Why isn’t Jane Jacobs a household name? How many people think of Robert Moses as a towering figure in our city’s history, but have no clue that Jane Jacobs was our savior? I had no idea either, until I saw the documentary Citizen, which is not a very good film, but managed in spite of itself to tell the story we should all already know.
Washington Square Park would have been a sprawling expressway and most of Manhattan would be a thruway from Westchester to Long Island if it hadn’t been for Jane Jacobs.
And if she had been a big fat man who smoked cigars and intimidated other not so big, just as fat men, we might have had far fewer large, desolate housing projects and many more mixed income communities throughout the city.
She was never accorded the true avenger status she deserved—in fact, the press treated her like a novelty: a cute little middle-aged housewife making noise and wielding protest signs. But she taught herself to be a first-class organizer and masterfully manipulated the media to shed light on Moses’ systematic destruction of New York.
Jane Jacobs wrote The Life and Death of American Cities at the same time that Rachel Carson published The Silent Spring and Betty Friedan unleashed The Feminine Mystique.

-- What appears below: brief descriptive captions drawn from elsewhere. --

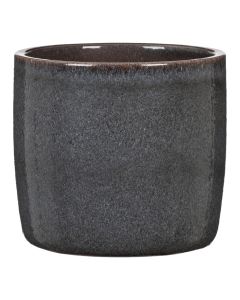 Flower pot, ceramic, dark grey, Ø21.2xH19.3cm
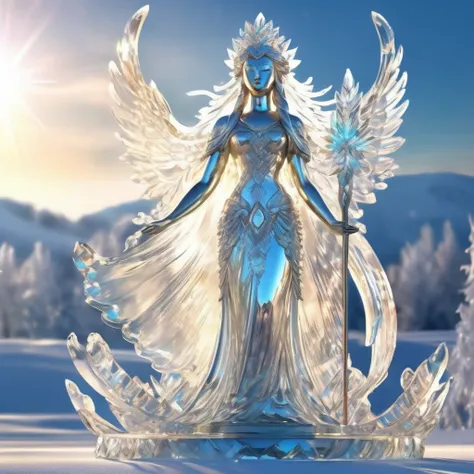 Ice statue,A very beautiful ice statue of a goddess, Transparent ice,illuminated by sunlight and reflected divinely,(((masterpiece))), (((best quality))), ((ultra-detailed)), (illustration), (detailed light),((an extremely delicate and beautiful)),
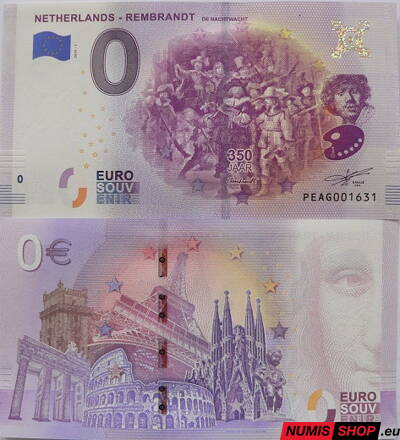 Holandsko - 0 euro souvenir - Rembrandt - De Nachtwacht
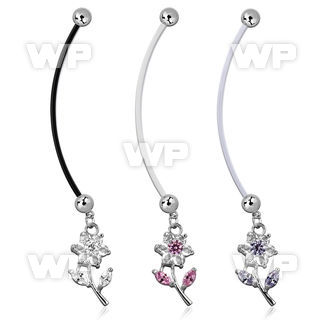 pndz178 pregnancy belly ring w dangling cz studded flower 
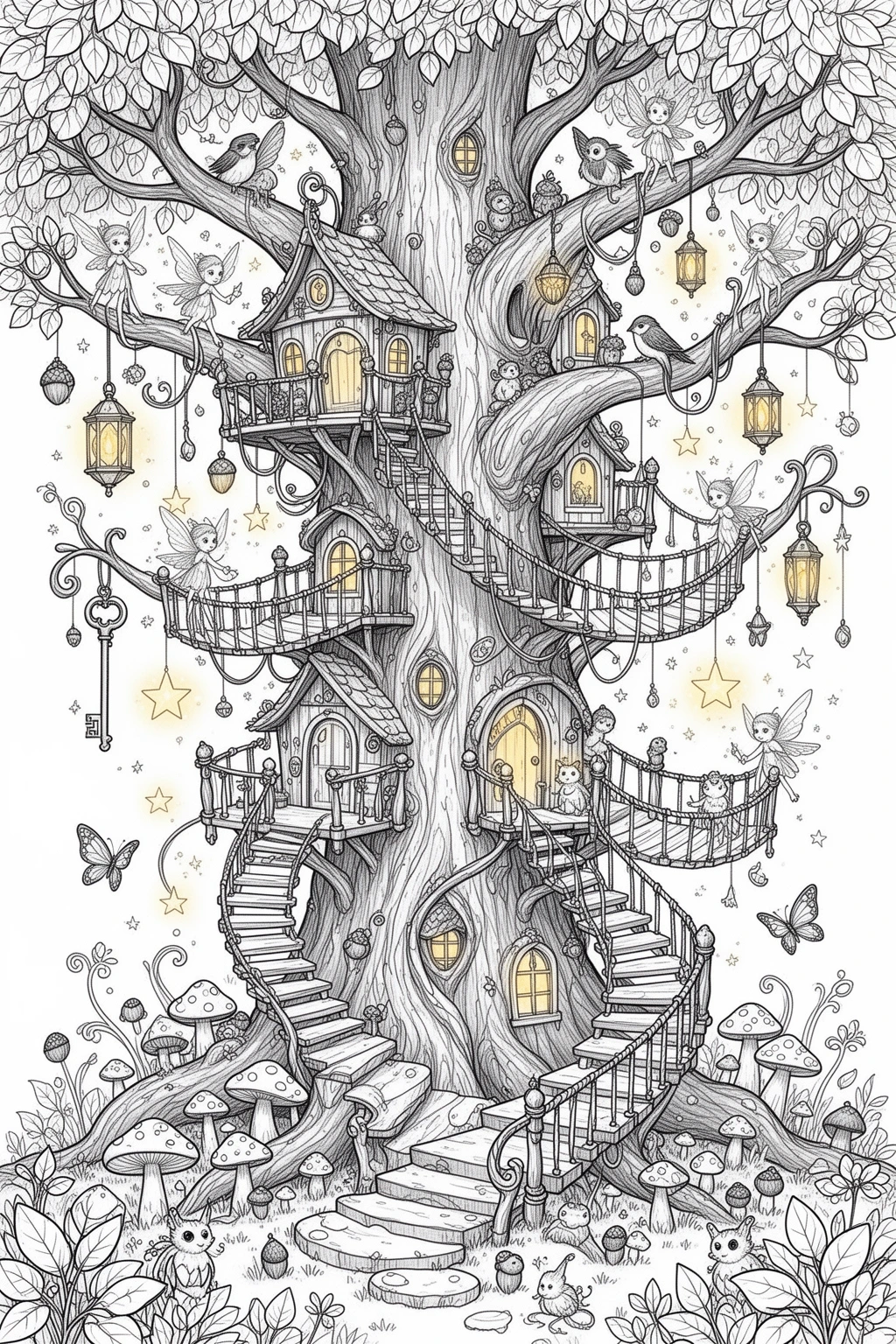 Moonlit Treehouse Bridges coloring page.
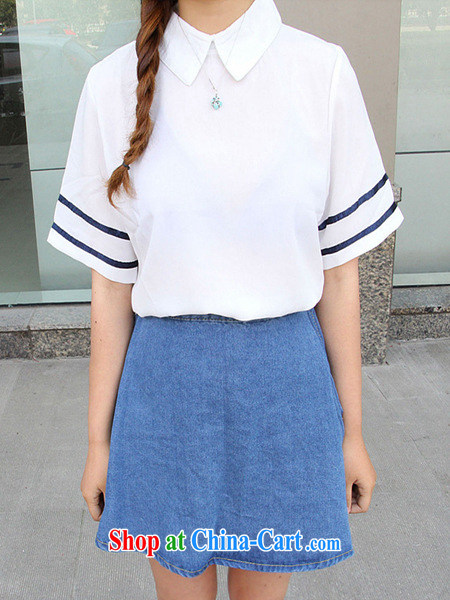 korea Connie Ting 2015 College wind blue and white striped short-sleeved Navy wind shirt white T-shirt and light blue skirt XL pictures, price, brand platters! Elections are good character, the national distribution, so why buy now enjoy more preferential! Health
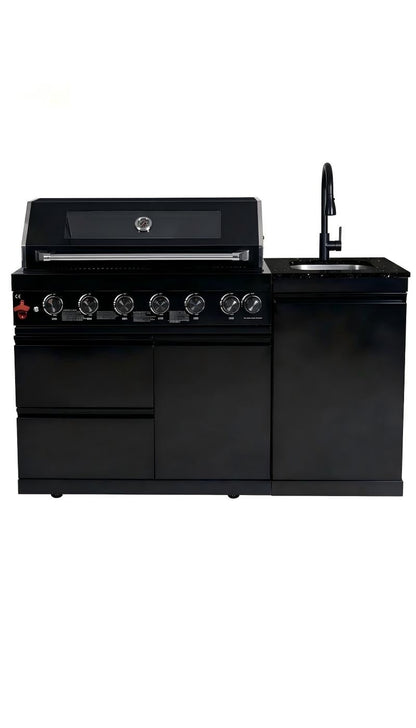 62.6 Inch 6-Burner Deluxe Stainless Steel Propane Gas Outdoor Kitchen Barbecue Island Grill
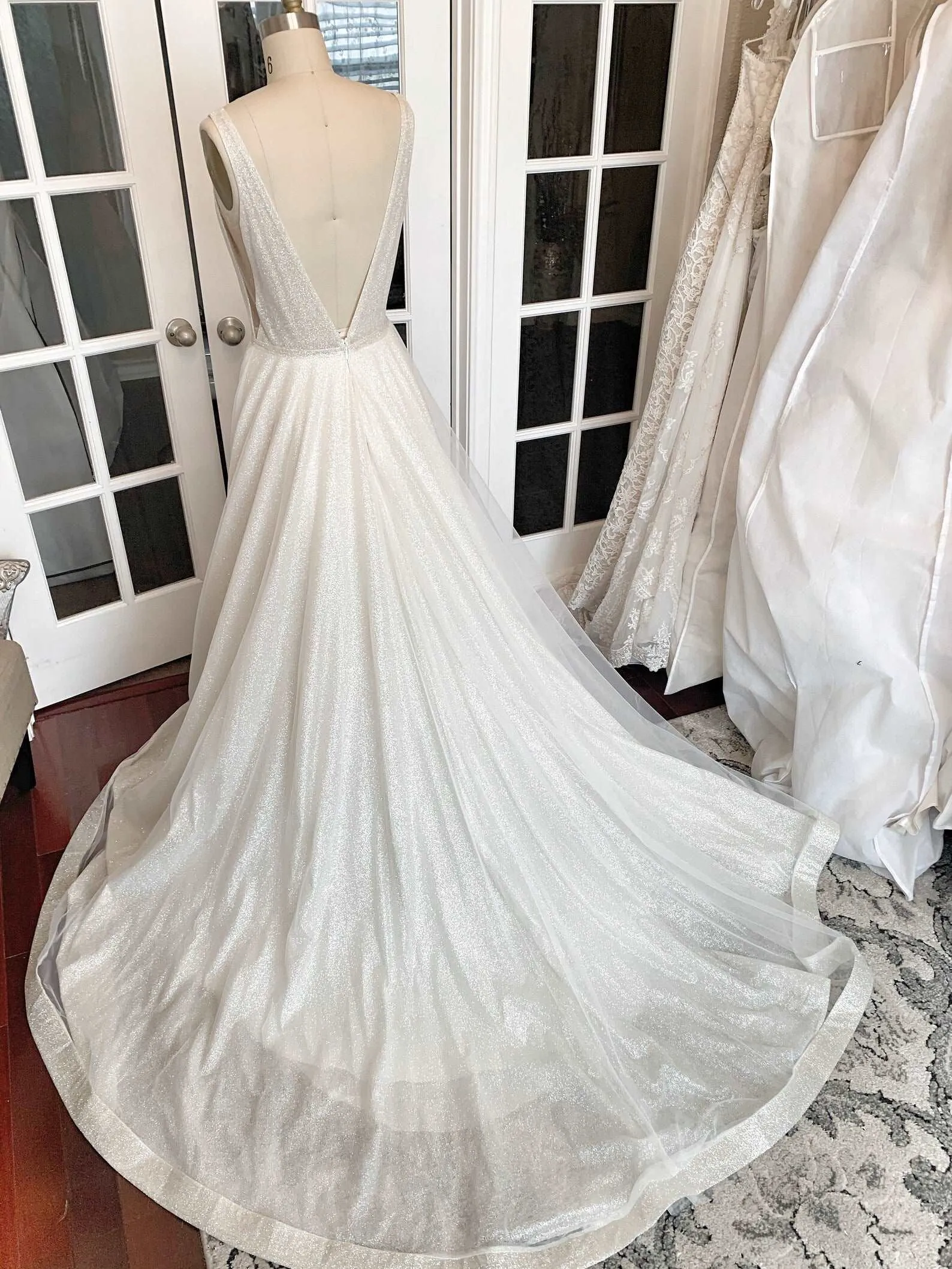 Plunge Neckline Glitter A-Line Wedding Dress with Detachable Cape | Aubrey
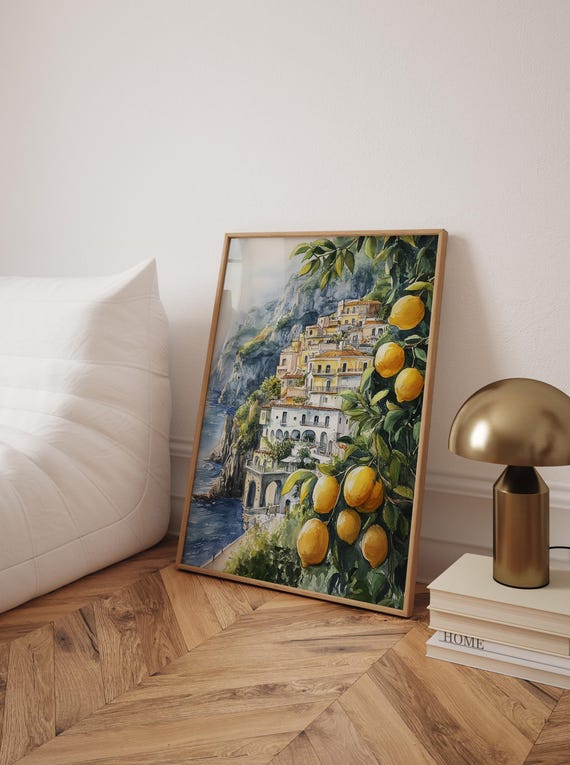 Amalfi Coast Watercolor Print Italy Lemon Tree Art
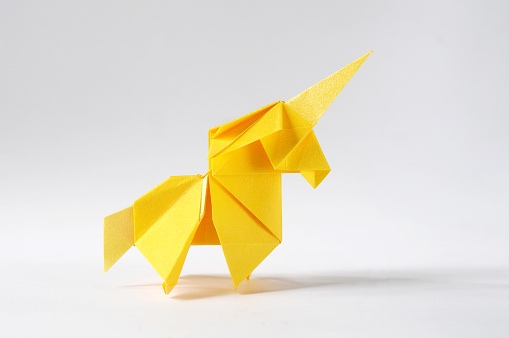 Origami Yellow Unicorn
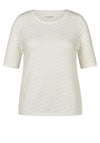 Rabe Round Neck Textured Top, Off-White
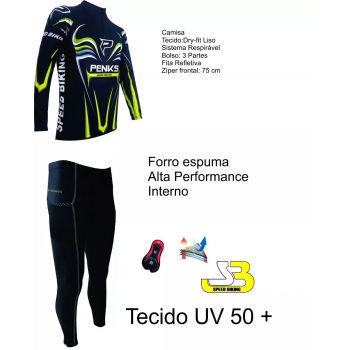 Conjunto Penks Speed Biking Calça +camisa Manga Longa
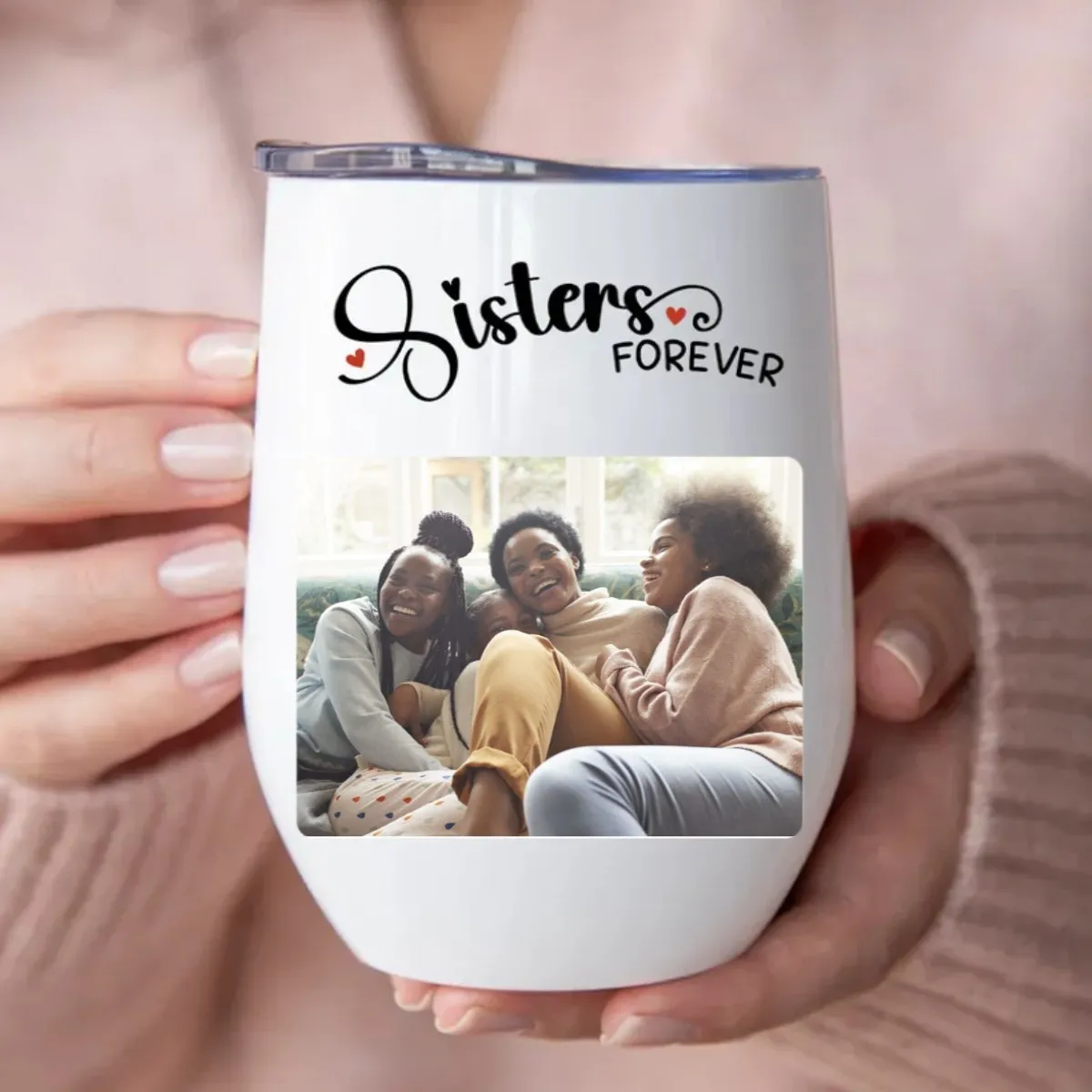 Sisters - Sisters Forever - Personalized Wine Tumbler (LH)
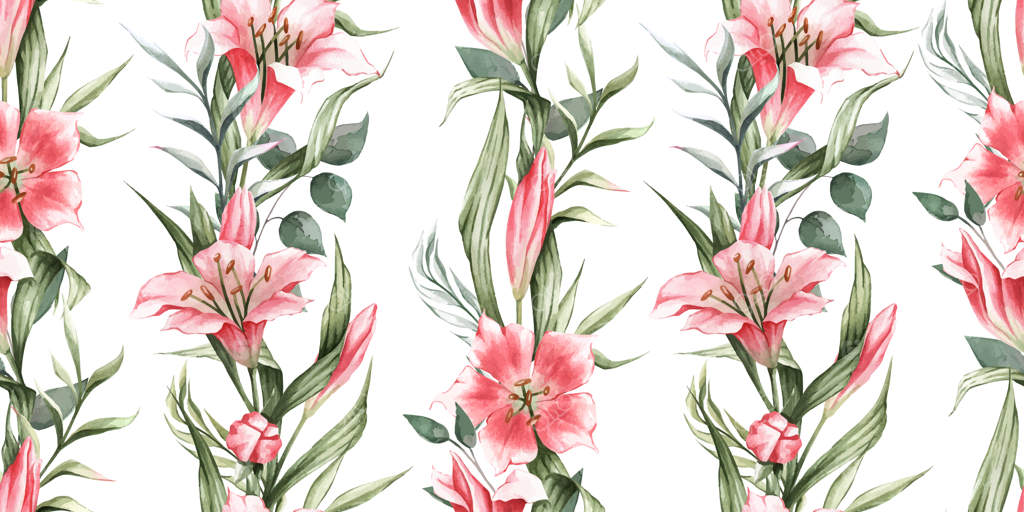 طرح یکپارچه برگ‌های سبز و نیلوفرهای صورتی؛ مناسب برای کاغذ دیواری، پارچه، و لباس‌ها.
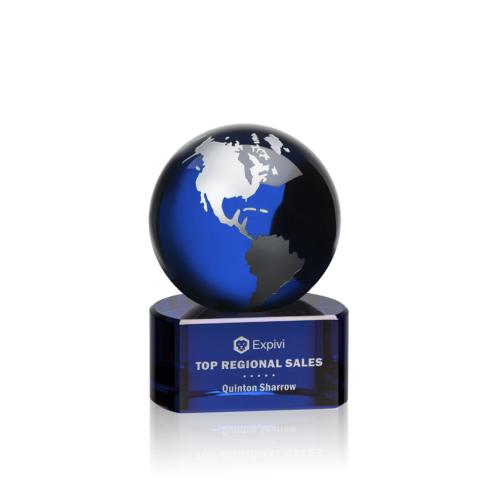 Awards and Trophies - Marcana Blue/Silver Globe Crystal Award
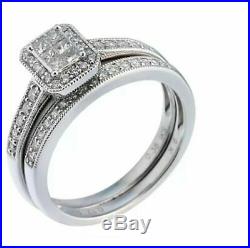 H Samuel 9ct White Gold 0.50 Carat Diamond Ring Perfect Fit Bridal Set O 5.1g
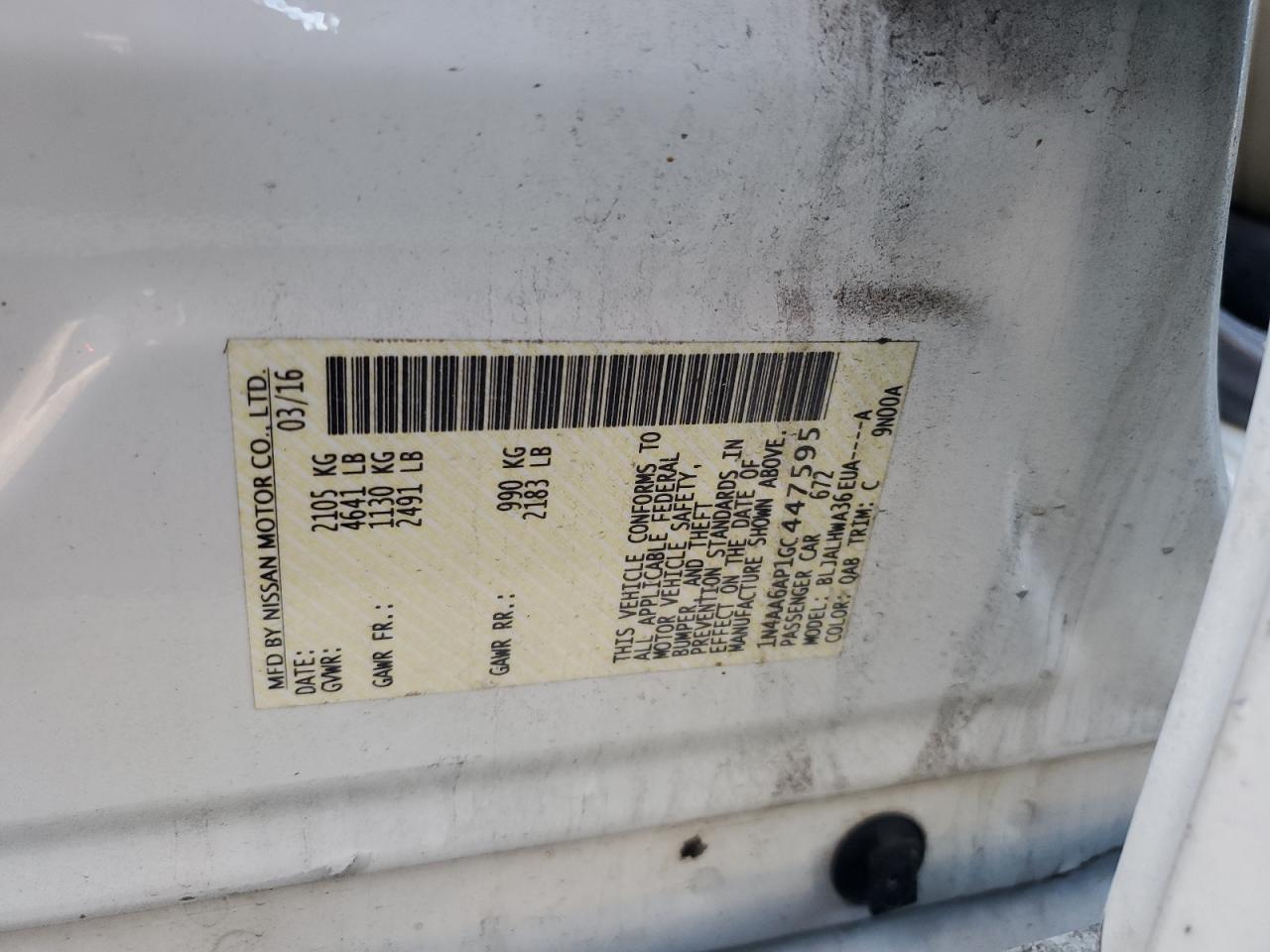 2016 Nissan Maxima 3.5S VIN: 1N4AA6AP1GC447595 Lot: 81277565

We have been doing this work— this shifting of entrenched paradigms, dismantling of male power structures, organizing of badass women to save our cities, our planet, and ourselves—for centuries. Sometimes it seems like there is no progress at all; sometimes it seems like two steps forward, one step back. So when I think about what Jane, Rachel and Betty accomplished through their words and actions, and what our world might look like without them, I get re-inspired. I’m taking my middle aged, grey-haired, tire- around-the-tummy self and jumping into the fray. I’m all in. Thanks, Jane.